6.3.2 Python: 基于 Elasticsearch 的报警
-----------------------------------------

.. code-block:: python

   from elasticsearch import Elasticsearch
   from datetime import datetime, timedelta
   import httpx

   class MetricsChecker:
       def __init__(self, es_host='localhost:9200'):
           self.es = Elasticsearch([es_host])
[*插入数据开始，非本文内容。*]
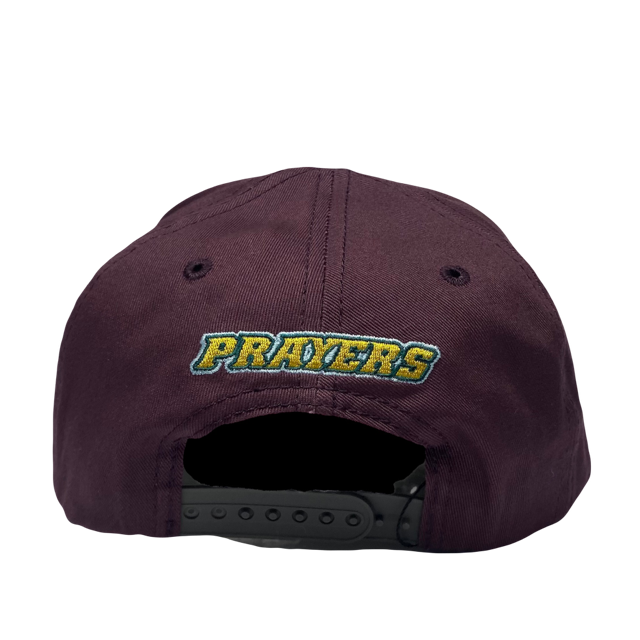 Gorra Prayers Hockey SnapBack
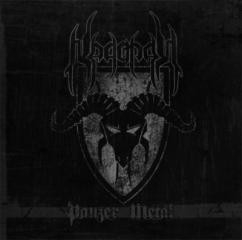Negator: Panzer Metal (CD)
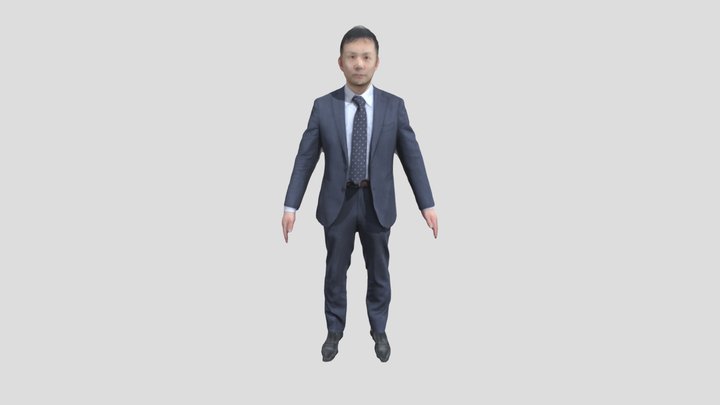 NOGUCHI 3D Model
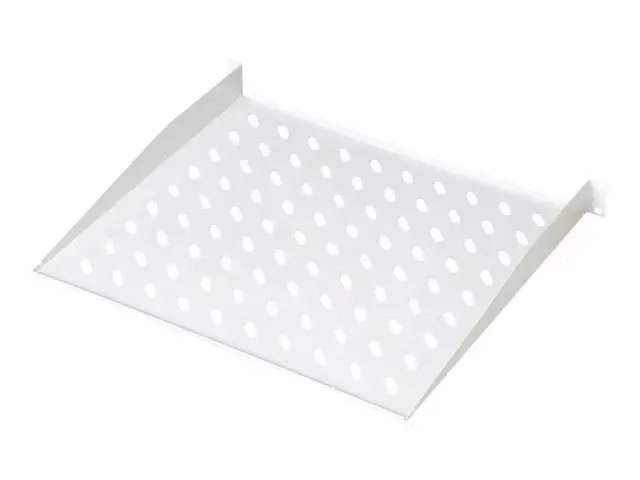 "Digitus" stacionari lentyna stelažams DN-97609 Balta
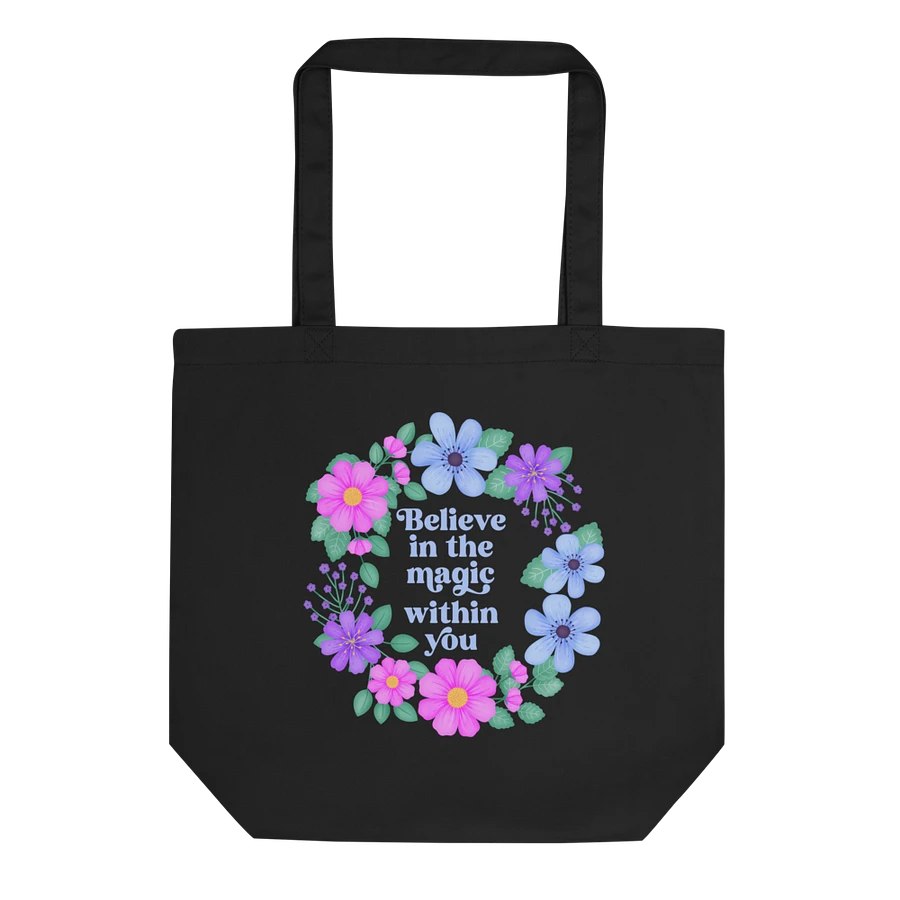 Believe in the magic within you - Tote Bag product image (1)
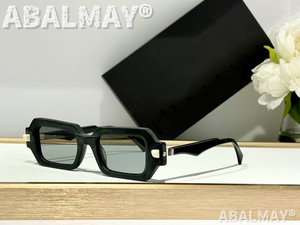 Lunettes de soleil Kub Q9 taille 50-21-145 de qualité supérieure pour hommes, monture de luxe classique et tendance pour femmes, lunettes de soleil de créateur UV400 - Product Image 2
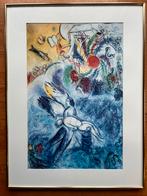 Chagall, Ophalen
       def check_error_rate(self, index: str, threshold: float = 0.05):
           """检查错误率是否超过阈值"""
           now = datetime.utcnow()
           query = {
               "size": 0,
               "query": {"range": {"@timestamp": {"gte": "now-5m"}}},
               "aggs": {
                   "total": {"value_count": {"field": "status"}},
                   "errors": {"filter": {"range": {"status": {"gte": 500}}}}
               }
           }
           result = self.es.search(index=index, body=query)
           total = result['aggregations']['total']['value']
           errors = result['aggregations']['errors']['doc_count']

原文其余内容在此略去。